══ GIVEN DATA

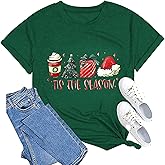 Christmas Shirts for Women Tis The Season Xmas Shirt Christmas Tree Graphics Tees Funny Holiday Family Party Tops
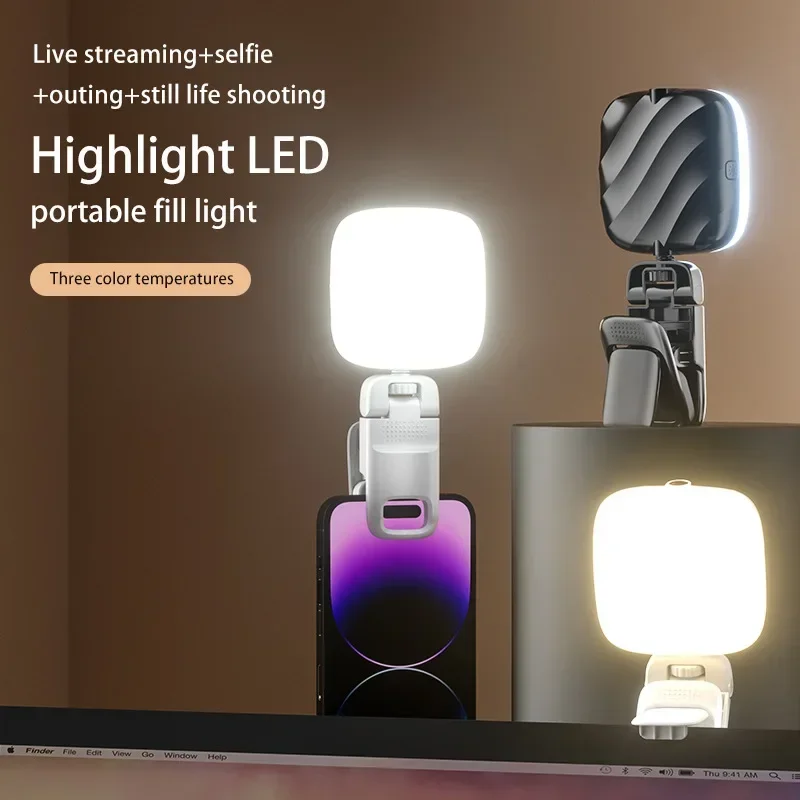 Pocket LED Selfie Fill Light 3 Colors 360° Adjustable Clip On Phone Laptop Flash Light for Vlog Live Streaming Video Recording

════
══ GIVEN DATA

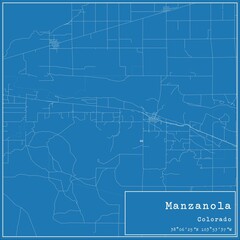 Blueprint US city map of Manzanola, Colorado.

════

- ASSIGNED TASK
Copy only these lines from the records above, exactly: the one with "Christmas Shirts for", the one with "Pocket LED Selfie", and those between. Skip the pictures.

- RESPONSE TO THE TASK
 Christmas Shirts for Women Tis The Season Xmas Shirt Christmas Tree Graphics Tees Funny Holiday Family Party Tops
 Pocket LED Selfie Fill Light 3 Colors 360° Adjustable Clip On Phone Laptop Flash Light for Vlog Live Streaming Video Recording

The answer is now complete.